[Saved data entries]
—————

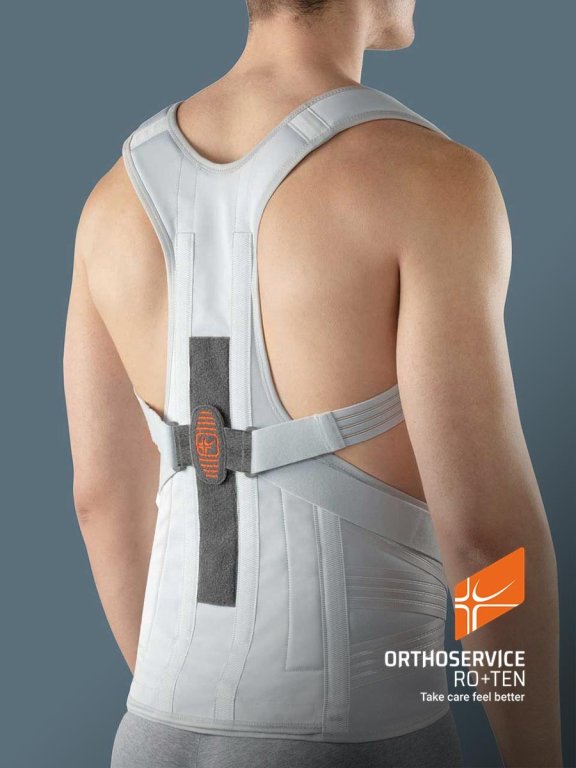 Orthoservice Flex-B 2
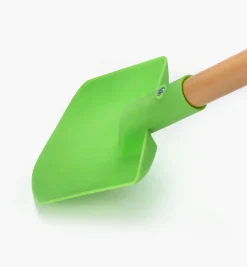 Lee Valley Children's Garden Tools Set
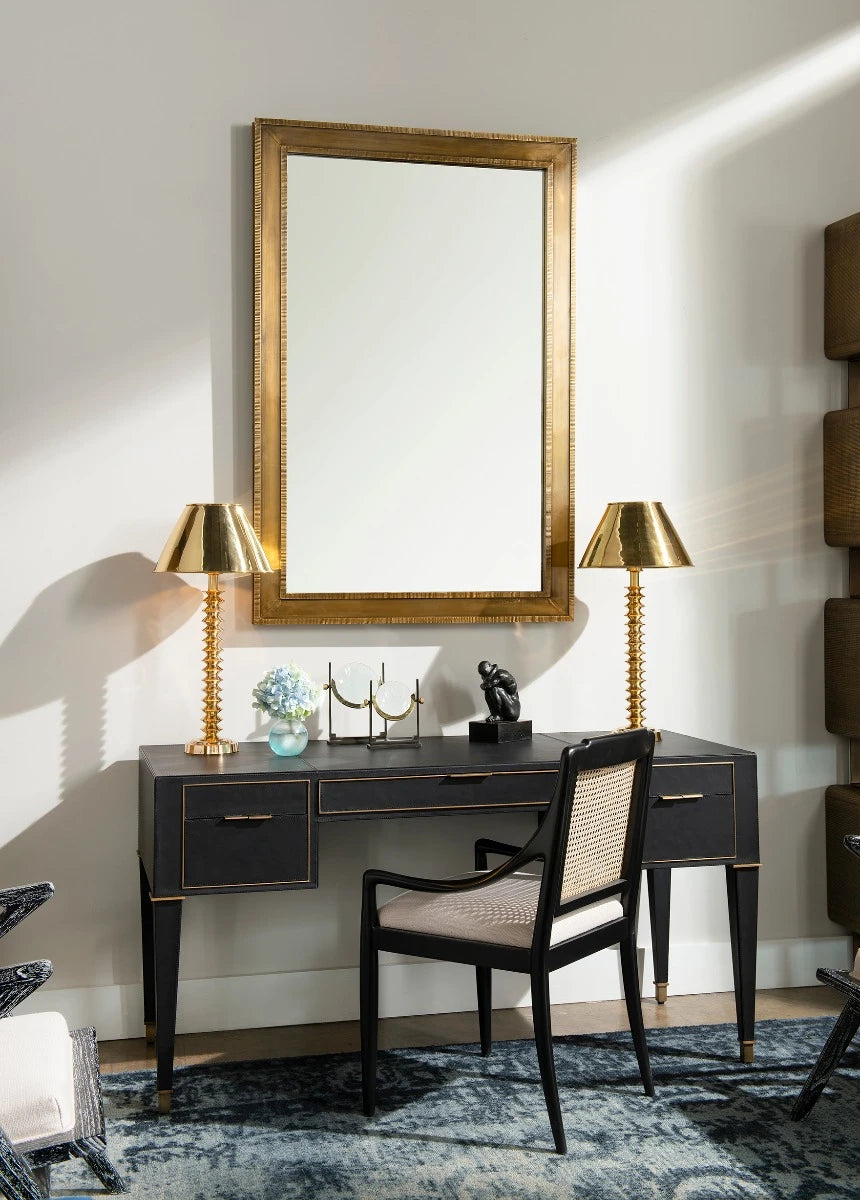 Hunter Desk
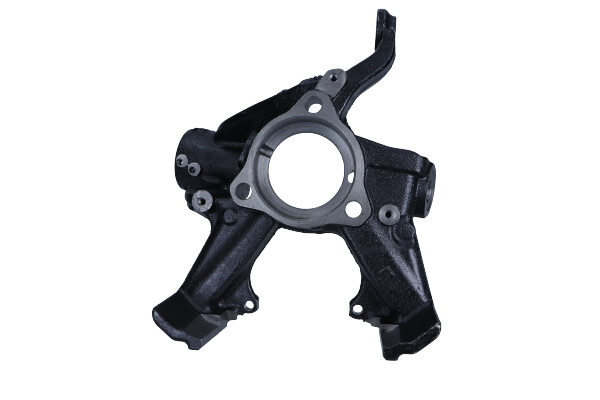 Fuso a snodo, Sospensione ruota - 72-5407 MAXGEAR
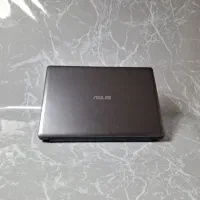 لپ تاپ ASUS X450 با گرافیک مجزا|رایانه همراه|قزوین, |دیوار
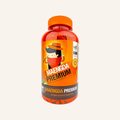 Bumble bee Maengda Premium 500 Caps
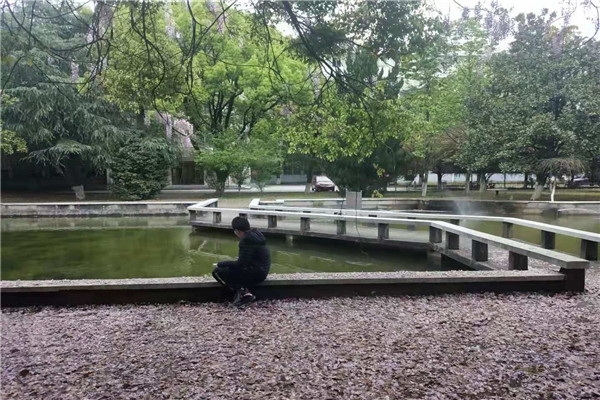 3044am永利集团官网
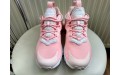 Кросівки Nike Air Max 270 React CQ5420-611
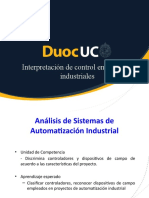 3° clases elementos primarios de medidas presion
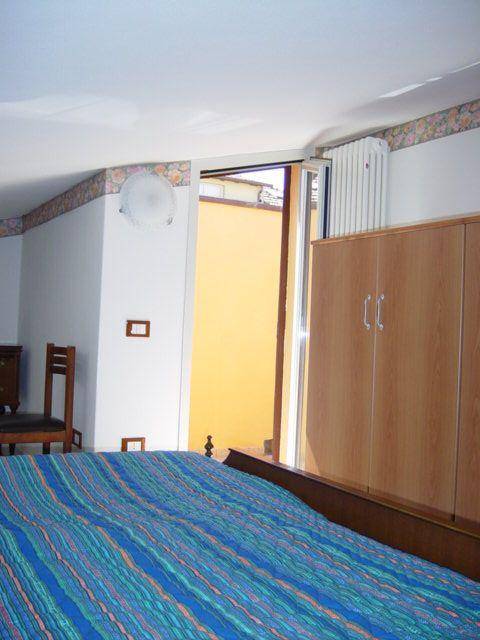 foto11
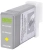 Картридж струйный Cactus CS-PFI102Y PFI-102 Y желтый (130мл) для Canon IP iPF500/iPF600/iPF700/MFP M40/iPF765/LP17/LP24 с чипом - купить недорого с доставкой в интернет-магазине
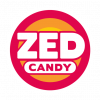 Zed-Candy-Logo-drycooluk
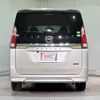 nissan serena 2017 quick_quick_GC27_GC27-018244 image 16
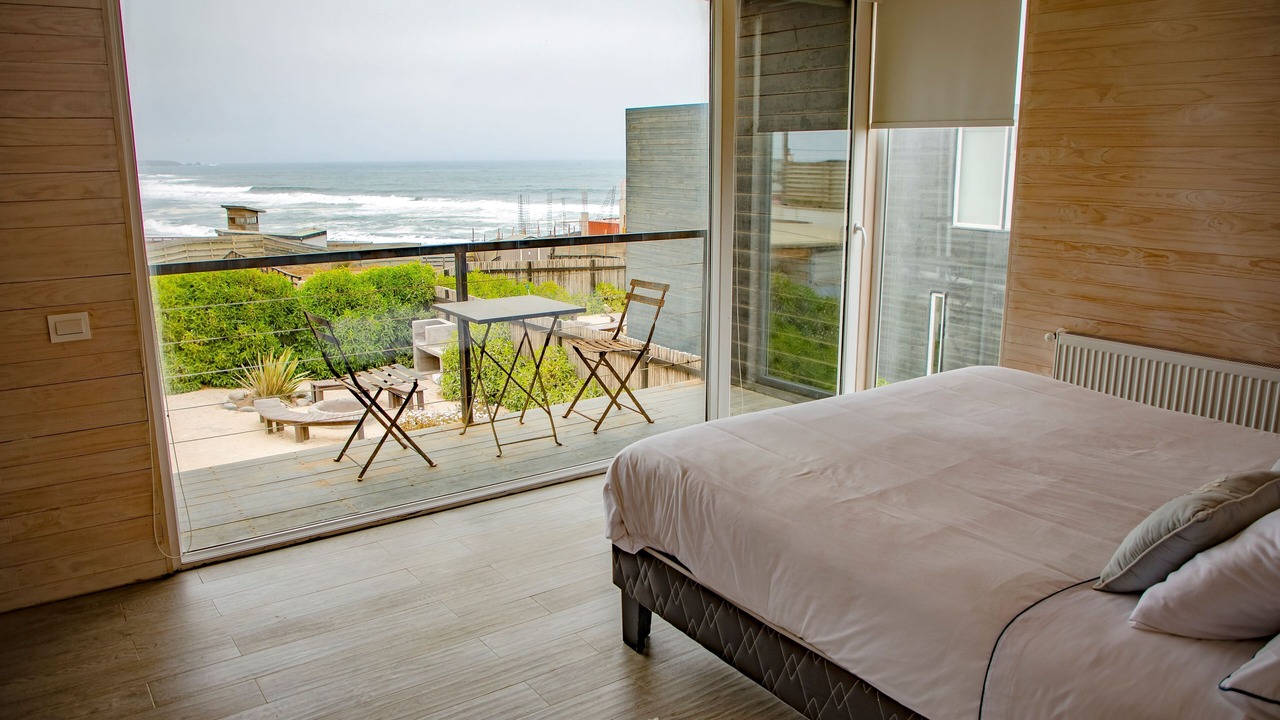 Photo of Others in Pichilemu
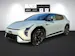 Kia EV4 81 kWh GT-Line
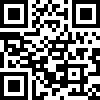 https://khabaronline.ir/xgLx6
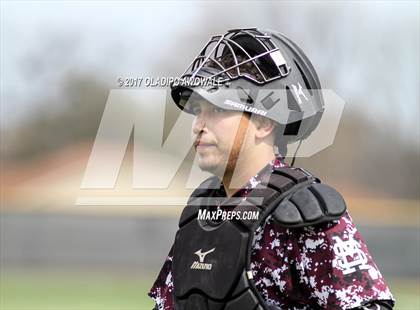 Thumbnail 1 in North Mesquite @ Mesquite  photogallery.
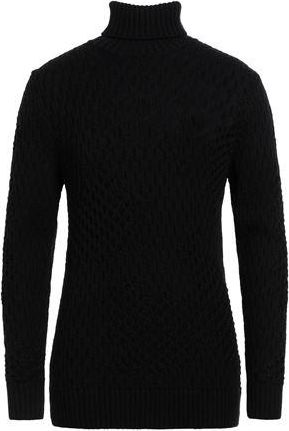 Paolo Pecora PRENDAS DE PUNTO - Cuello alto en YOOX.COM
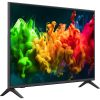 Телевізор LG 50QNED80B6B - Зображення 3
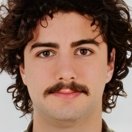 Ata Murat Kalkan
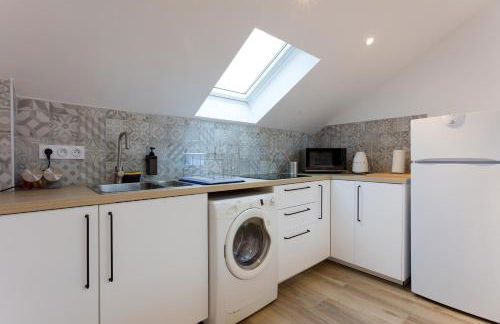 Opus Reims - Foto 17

—————

[Your task] With the pictures excluded, the line containing "https://khabaronline.ir/xgLx6" and every line after it through the end of the data above are to be transcribed exactly, and nothing more.

[Solution to this exercise]
 https://khabaronline.ir/xgLx6
 Thumbnail 1 in North Mesquite @ Mesquite  photogallery.
 Paolo Pecora PRENDAS DE PUNTO - Cuello alto en YOOX.COM
 Телевізор LG 50QNED80B6B - Зображення 3
 Ata Murat Kalkan
 Opus Reims - Foto 17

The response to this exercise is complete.